AUGUSTA WOOD–PARTING AND RETURNING
AUGUSTA WOOD--PARTING AND RETURNING
October 21, 2017
6:00 pm - 8:00 pm

DENK gallery
749 E. Temple St, Los Angeles CA 90012


RECEPTION: SATURDAY, OCTOBER 21, 2017 6-8 PM

DENK gallery is pleased to announce Parting and Returning, a solo exhibition of new photographic works by Los Angeles-based artist, Augusta Wood. Wood’s evocative images invoke a feeling of spatial and temporal simultaneity. Using photography as a fluid and flexible medium rather than an empirically finite one, Wood combines photographs she’s taken at different moments in time, some weeks apart and others years, to synthesize new convergences of history, time and place. A project at times exploratory and tangential, and at others poignantly revisionist, Wood investigates the overlap and continuity of perceived time.

Wood’s work in the past has explored themes like the recall of lost domestic spaces from her childhood, looking to the subjective nature of imagistic memory and the personal act of remembering “home.” Though she continues to investigate the perceptual dimensions of “seeing,” and the personally loaded conversion of sight to memory, Wood’s new body of work refocuses on the conscious experience and immediacy of the present as an active constellation of multiple times and tenses rather than a singular moment exempt from past and future.

Working through a collage-like process, Wood constructs images through an overlay of separate and distinct photographic captures. Her images activate light as gesture and assert her presence as an agent of the imagery. At times they verge on the idiosyncratic composition of drawing, and the implied authorship of that deliberate staging, while at others they read as spectral or haunted spontaneities and observations. As though manifesting the invisible latency of lived impressions and their reliance on the individual’s subjective apprehension, Wood’s images explore the recession and emergence of the past and future in any given moment of the present. The before, after, and eventual are conflated to blur their edges, and the contents of the photograph oscillates within and between these temporal layers. Inevitably, the simultaneous feeling of presence and loss resonates throughout this body of work, as one indelibly defines the other in perpetuity.
Wood reveals the subtle and extreme photographic shifts in changing times of day, qualities of light, and physical vantage points, layering images to emulate the amorphous and collectively blurred nature of our experiential impressions. In Parting and Returning, these immersive, and layered composite images are shown alongside single, direct frames to create intersecting narratives and a sense of poetic synchronism.

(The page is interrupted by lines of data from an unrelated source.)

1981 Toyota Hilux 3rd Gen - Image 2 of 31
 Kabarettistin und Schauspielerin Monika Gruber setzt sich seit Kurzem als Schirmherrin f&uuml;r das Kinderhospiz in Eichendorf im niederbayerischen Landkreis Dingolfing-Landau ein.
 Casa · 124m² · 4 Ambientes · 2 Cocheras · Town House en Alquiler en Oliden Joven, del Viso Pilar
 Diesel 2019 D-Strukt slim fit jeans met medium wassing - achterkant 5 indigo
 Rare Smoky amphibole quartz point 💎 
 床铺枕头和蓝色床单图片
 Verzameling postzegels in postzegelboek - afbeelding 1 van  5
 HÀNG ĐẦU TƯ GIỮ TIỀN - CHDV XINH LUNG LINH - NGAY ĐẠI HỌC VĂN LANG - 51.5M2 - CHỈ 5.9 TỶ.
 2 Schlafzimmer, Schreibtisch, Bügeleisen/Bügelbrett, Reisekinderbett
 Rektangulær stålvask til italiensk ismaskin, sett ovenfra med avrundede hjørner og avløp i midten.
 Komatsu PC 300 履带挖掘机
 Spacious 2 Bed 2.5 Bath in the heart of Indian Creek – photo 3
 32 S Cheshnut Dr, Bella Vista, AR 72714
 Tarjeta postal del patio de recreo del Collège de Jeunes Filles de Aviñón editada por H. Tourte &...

This self-conscious act of looking is central to the construction of Wood’s images, as is the pictorial distillation of psychic experience into a two-dimensional format. The complex subtlety of each image commands pause and slows the act of viewing to a poetic or interstitial pace. Whether in her nuanced observations of the shifting qualities of her personal space or the side by side self-portraits of mother and daughter taken some years apart, each image becomes a living imprint and gesture, reminiscent of both time’s passing and its cyclical return.

ABOUT AUGUSTA WOOD

Augusta Wood is a Los Angeles-based artist. Her work has been the subject of solo exhibitions at Cherry and Martin (Los Angeles) and Angles Gallery (Los Angeles), and has been featured in exhibitions at The Los Angeles County Museum of Art (LACMA), The George Eastman Museum (Rochester, NY), The Torrance Art Museum (Torrance, CA), Zach Feuer Gallery (New York), and Anton Kern Gallery (New York), among others.


Wood’s work has been written about in the Los Angeles Times, Modern Painters, Artillery Magazine, and The Huffington Post. A book of her photographic project entitled I have only what I remember was published in 2014. Her photographs are included in the permanent collections of The Museum of Contemporary Art, Los Angeles (MOCA), and The Los Angeles County Museum of Art (LACMA), and The George Eastman Museum.